Nevada military divorce cases — involving active duty service members stationed at or near Nellis Air Force Base, the Nevada National Guard, or Reserve component members in the Las Vegas area — present unique legal challenges not encountered in civilian divorces. The Servicemembers Civil Relief Act (SCRA), the Uniformed Services Former Spouses’ Protection Act (USFSPA), deployment-specific parenting plan requirements, and the interaction between military regulations and Nevada family law all require specialized legal knowledge. Hauser Family Law has experience representing both active duty service members and their spouses in Las Vegas military divorce proceedings.
SCRA Protections and Deployment Custody Modifications in Nevada
The Servicemembers Civil Relief Act (50 U.S.C. §§ 3901 et seq.) provides critical procedural protections for active duty service members in civil proceedings, including divorce and custody cases. The SCRA allows a service member to request a stay (postponement) of civil proceedings for a minimum of 90 days when military duties materially affect their ability to appear in court — and courts must grant at least one such stay upon the service member’s request. The SCRA also requires courts to appoint counsel for active duty service members who do not respond to divorce proceedings while deployed. Nevada’s specific statutory protections for deployed service members in custody proceedings under NRS 125C.0095 provide that: a parent’s deployment alone does not constitute a material change in circumstances justifying a permanent custody modification; a temporary custody order entered due to deployment must be terminated when the service member returns from deployment; and any permanent modification of custody during deployment is subject to a higher evidentiary threshold. The Nevada Legislature specifically recognized that courts should not permanently alter a service member’s custody rights simply because deployment temporarily makes existing custody arrangements impracticable. For this reason, a spouse who seeks a permanent custody modification during the other parent’s deployment — absent other grounds beyond the deployment itself — faces a significant legal hurdle under NRS 125C.0095.

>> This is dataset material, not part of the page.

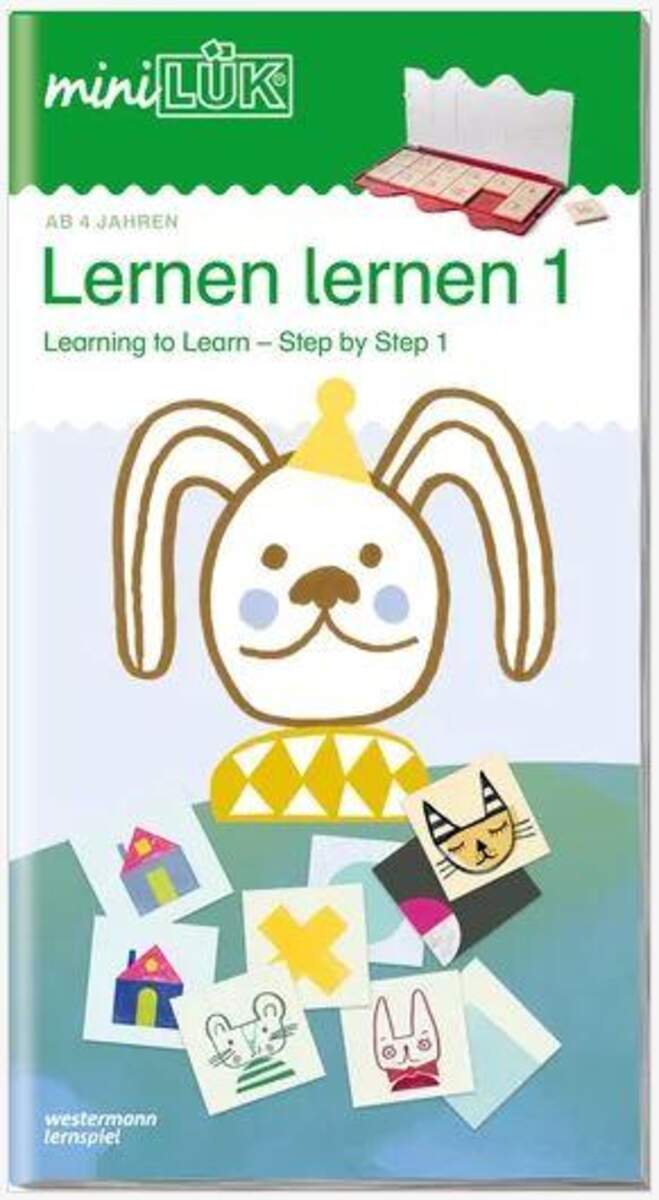 miniLÜK Lernen lernen - Schritt für Schritt 1, ab 4 Jahren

Deployment Parenting Plans and Return-from-Deployment Provisions
Best practice in Nevada military custody cases is to address deployment contingencies in the original parenting plan before deployment occurs, rather than litigating after deployment is ordered. A comprehensive Nevada military parenting plan typically addresses: delegation of parenting time during deployment to a family member of the deployed parent (grandparent, sibling, or other relative) under NRS 125C.050’s third-party parenting time provisions, preserving the deployed parent’s parenting time within the extended family; technology contact provisions specifying video call frequency, platforms, and times during deployment; automatic reinstatement of the pre-deployment parenting schedule upon the service member’s return from deployment, with a transition period addressing the logistics of resuming primary or joint parenting time; and authority for the non-deployed parent to make routine medical decisions during deployment without the deployed parent’s pre-approval, with notification requirements for non-emergency decisions. The BAH (Basic Allowance for Housing) is treated as income for child support and alimony calculation purposes in Nevada family courts — it is not excluded from the income base simply because it is a non-taxable allowance. Similarly, BAQ, BAS, and other allowances are included in Nevada’s income calculation for support purposes, which can significantly increase a service member’s apparent income for support purposes compared to base pay alone. Hauser Family Law advises Las Vegas military families on deployment-specific parenting plans and protects service members’ parenting rights throughout the deployment and return process.